Centralized registry for managing Systems Under Test (SUTs). Register implementations with unique identifiers and retrieve them for execution.

Store.register('my-sut', {
  name: 'My Implementation',
  version: '1.0.0',
  execute: (input) => { /* implementation */ }
});

const sut = Store.get('my-sut');

Case

Reusable test case infrastructure with lifecycle management. Each case includes setup, execution, and teardown phases with automatic resource cleanup.

const testCase = new Case({
  name: 'test-case-1',
  setup: () => ({ data: [1, 2, 3] }),
  teardown: (result) => console.log('Cleanup:', result)
});

Execute

Deterministic test execution engine. Runs SUTs against test cases and captures snapshots of inputs, outputs, and execution metadata.

const results = Execute.run('my-sut', [testCase]);
const snapshot = Execute.capture('my-sut', testCase);

Aggregate

Statistical aggregation utilities for analyzing test results across multiple runs. Compute mean, median, mode, min, max, and standard deviation.

const stats = Aggregate.mean(results);
const median = Aggregate.median(results);
const deviation = Aggregate.stdDev(results);

Evaluate

Claim-driven validation framework. Define custom predicates to validate test results against expected properties and behaviors.

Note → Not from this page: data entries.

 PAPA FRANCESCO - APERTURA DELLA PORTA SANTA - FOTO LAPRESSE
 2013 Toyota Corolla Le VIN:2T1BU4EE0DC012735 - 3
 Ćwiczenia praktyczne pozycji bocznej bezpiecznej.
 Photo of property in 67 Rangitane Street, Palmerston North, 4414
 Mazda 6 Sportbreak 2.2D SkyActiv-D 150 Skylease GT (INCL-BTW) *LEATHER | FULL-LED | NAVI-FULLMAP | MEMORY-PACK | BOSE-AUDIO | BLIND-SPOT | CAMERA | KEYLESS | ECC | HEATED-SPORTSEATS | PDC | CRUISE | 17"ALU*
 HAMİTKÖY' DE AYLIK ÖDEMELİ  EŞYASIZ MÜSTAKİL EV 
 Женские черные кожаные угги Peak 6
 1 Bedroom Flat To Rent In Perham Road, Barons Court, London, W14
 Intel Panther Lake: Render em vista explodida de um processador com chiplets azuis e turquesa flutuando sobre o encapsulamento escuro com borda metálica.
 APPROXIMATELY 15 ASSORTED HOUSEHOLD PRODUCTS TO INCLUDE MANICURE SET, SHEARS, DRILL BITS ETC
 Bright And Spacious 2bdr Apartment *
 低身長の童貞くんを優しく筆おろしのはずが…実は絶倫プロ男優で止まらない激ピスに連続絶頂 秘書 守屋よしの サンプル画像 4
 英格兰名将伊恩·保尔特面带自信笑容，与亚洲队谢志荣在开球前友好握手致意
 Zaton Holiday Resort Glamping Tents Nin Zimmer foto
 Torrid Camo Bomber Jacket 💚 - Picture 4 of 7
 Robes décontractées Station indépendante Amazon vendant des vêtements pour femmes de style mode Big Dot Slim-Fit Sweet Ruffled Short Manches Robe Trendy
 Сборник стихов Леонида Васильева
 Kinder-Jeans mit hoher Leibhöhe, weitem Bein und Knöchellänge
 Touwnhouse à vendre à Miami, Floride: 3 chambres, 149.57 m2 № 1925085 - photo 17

const claims = Evaluate.claims(results, {
  'performance': (r) => r.duration < 100,
  'correctness': (r) => r.output === expected,
  'memory-safe': (r) => r.memoryUsage < 1024 * 1024
});

Render

Multi-format report generation. Output results to console, Markdown files, or JSON for documentation and CI/CD integration.

Render.console(results);
Render.markdown(results, './report.md');
Render.json(results, './report.json');

Monitor

Built-in resource tracking for performance profiling. Monitor memory usage and CPU consumption during test execution.

const monitor = new Monitor();
monitor.start();
// ... run tests ...
const metrics = monitor.stop();
console.log('Memory used:', metrics.memoryUsage);

API Reference

Detailed type definitions and API documentation are available in the source files:

  • src/core/ - Core types and interfaces
  • src/store.ts - SUT registry API
  • src/case.ts - Test case API
  • src/execute.ts - Execution engine API
  • src/aggregate.ts - Statistical functions
  • src/evaluate.ts - Claim evaluation API
  • src/render.ts - Report generation API
  • src/monitor.ts - Resource monitoring API

License

MIT


PPEF - Making experiments reproducible, evaluable, and documentable.